Show that result is indeed equal to the result from Example 1:

```{r}

isTRUE(sum(circle$amount) == conc$concentration[3])

```

## Example 3

Example 2 shows how to determine the sum of all observations within a circle of certain radius for multiple points. `find_highest_concentration()` can be used to determine the central coordinates of a circle with a constant radius that maximizes the coverage of demand points. As an example this is applied to data set `Groningen`. 

Show all points in data set `Groningen`:

```{r example3a, eval = FALSE, message = FALSE, warning = FALSE}

plot_points(Groningen, value = "amount")

```

![](man/figures/example3a-1.png)




-----

Find the central coordinates of a circle with the highest concentration:

```{r, eval = FALSE, echo = TRUE}

hconc <- find_highest_concentration(Groningen, 

                                    value = "amount", 

                                    radius = 200)

```

```{r, echo = FALSE, eval = TRUE, message = FALSE, warning = FALSE}

st <- Sys.time()

hc <- spatialrisk::find_highest_concentration(spatialrisk::Groningen, "amount")

print(Sys.time() - st)

```

Note that all functions are written in C++, and are therefore very fast. 

Output highest concentration:

```{r}

hc[[1]]

```

Plot the points in the highest concentration highest concentration. The sum of all values is equal to the concentration. This concentration is the highest in data set Groningen.  

Show the highest concentration on a map (the highest concentration includes two apartment buildings with many objects):

```{r, echo = TRUE, eval = FALSE}

plot(hc)

```

![](man/figures/unnamed-chunk-9-1.png)




-----

Its also possible to show the coordinates for more than one concentration.

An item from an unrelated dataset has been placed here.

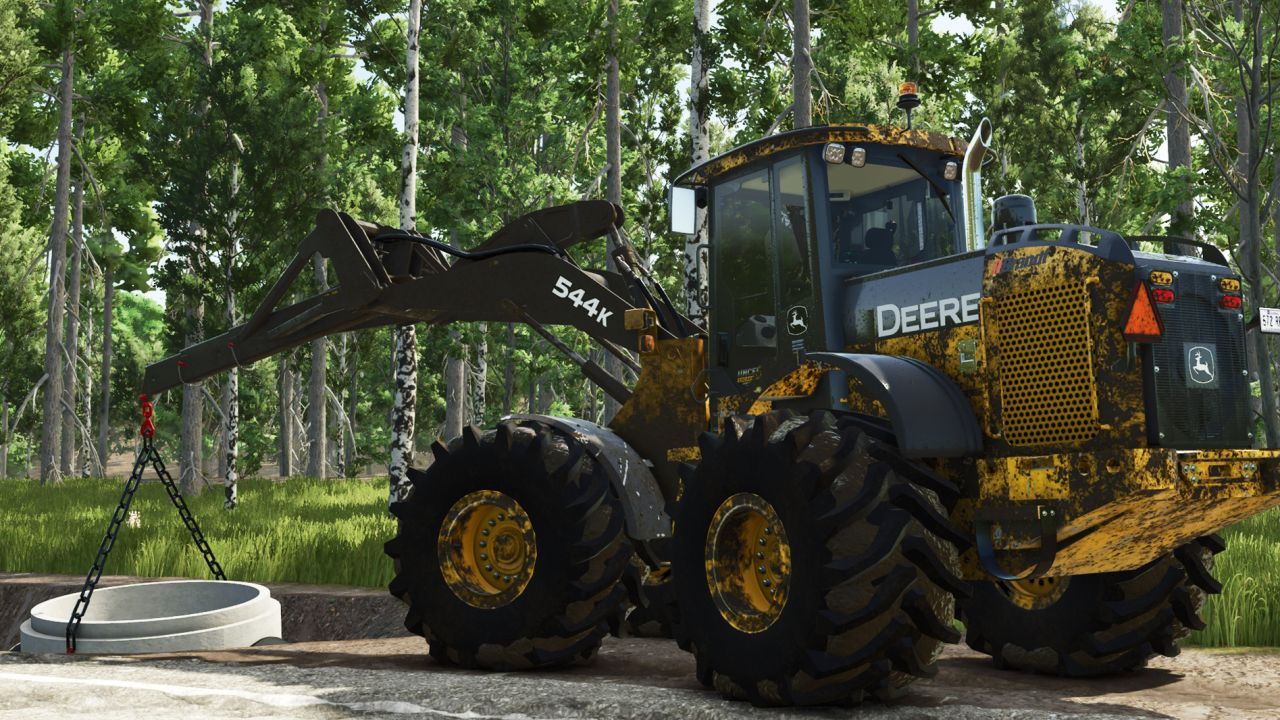 Потужний Фронтальний Навантажувач John Deere 544K для Farming Simulator 25 - Скріншоти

To show the second and third highest concentration:

```{r, eval = TRUE, echo = TRUE}

hconc <- find_highest_concentration(Groningen, 

                                    value = "amount", 

                                    radius = 200, 

                                    top_n = 3)

```

Create interactive map:

```{r, eval = FALSE, echo = TRUE}

plot(hconc)

```

![](man/figures/unnamed-chunk-11-1.png)




-----

Show objects in the highest circle:

```{r}

hc[[2]]

```

## Example 4

`spatialrisk` also contains functionality to create choropleths. Typically in R it is difficult to create choropleths. `points_to_polygon()` attempts to elegantly solve this problem.

The common approach is to first aggregate the data on the level of the regions in the shapefile, and then merging the aggregated data with the shapefile. Despite it being common, it is problematic in case the names in the data and the names in the shapefile do not match. This is for example the case when there are differences in punctuation marks in the area names. Therefore, `points_to_polygon()` uses the longitude and latitude of a point to map this point to a region. This approach makes it easy to create choropleth maps on different region levels.

This example shows how `points_to_polygon()` is used to map the total sum insured on the municipality level in the Netherlands: 

```{r example4, eval = FALSE, message = FALSE, warning = FALSE}

gemeente_sf <- points_to_polygon(nl_gemeente, insurance, sum(amount, na.rm = TRUE))

```

`choropleth()` creates a map based on the simple feature object obtained in the previous step. There are two options to create a choropleth map. When `mode` is set to `plot` a static map is created. The given clustering is according to the Fisher-Jenks algorithm. This commonly used classification method for choropleths seeks to reduce the variance within classes and maximize the variance between classes.

```{r example4b, eval = FALSE, message = FALSE, warning = FALSE}

choropleth(gemeente_sf, mode = "plot", legend_title = "Sum insured (EUR)", n = 5)

```

![](man/figures/nl_choro1.png)




If `mode` is set to `view` an interactive map is created:

```{r example4c, eval = FALSE, echo = TRUE}

choropleth(gemeente_sf, mode = "view", legend_title = "Sum insured (EUR)")

```

![](man/figures/nl_choro2.png)




The following simple feature objects are available in `spatialrisk`: `nl_provincie`, `nl_corop`, `nl_gemeente`, `nl_postcode1`, `nl_postcode2`, `nl_postcode3`, `nl_postcode4`, `world_countries`, and `europe_countries`.